La digitalisation des différentes économies expose de plus en plus les États à de nombreuses cyberattaques. Le Maroc n’échappe pas à cette réalité, plusieurs actes malveillants ayant ciblé le patrimoine intellectuel d’entreprises marocaines. Depuis, l’État a durci le ton et a fait de cette question une priorité de gouvernance. Rappelons que, dans un rapport publié fin 2021, Kaspersky, un des leaders mondiaux de la cybersécurité, révélait l’ampleur des menaces informatiques qui ciblent le Maroc. Selon ce rapport, le cas de fraude le plus fréquent (63 %) correspondait à des tentatives d’accès à des comptes personnels via l’utilisation de logiciels malveillants ou de logiciels de contrôle à distance légitimes. Les cybercriminels peuvent ainsi se faire passer pour un membre de l’équipe d’assistance d’un service bancaire et demander à la victime visée d’installer des applications.
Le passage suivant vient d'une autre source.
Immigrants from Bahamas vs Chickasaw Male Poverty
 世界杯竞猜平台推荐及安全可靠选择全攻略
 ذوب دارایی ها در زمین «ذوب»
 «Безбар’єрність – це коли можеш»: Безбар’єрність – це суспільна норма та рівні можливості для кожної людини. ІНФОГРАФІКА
Ils obtiennent ainsi l’accès aux appareils des victimes, ce qui leur permet de révéler le code d’accès de l’utilisateur, le mot de passe, de retirer de l’argent ou même de soumettre des demandes de prêt. C’est pour faire face à ce contexte que l’État, sous instructions royales, a levé le voile sur sa stratégie contre les menaces cybernétiques. « Cette initiative vise à renforcer la sécurité du cyberespace marocain en créant un environnement numérique fiable, sécurisé et résilient, capable de soutenir la transformation digitale du pays et d’assurer le bien-être des citoyens », lit-on sur le site de la DGSSI. Reposant sur quatre piliers essentiels, cette stratégie entend améliorer la gouvernance nationale de la cybersécurité, assurer la sécurité et la résilience du cyberespace national, développer les capacités et sensibiliser, et renforcer la coopération régionale et internationale.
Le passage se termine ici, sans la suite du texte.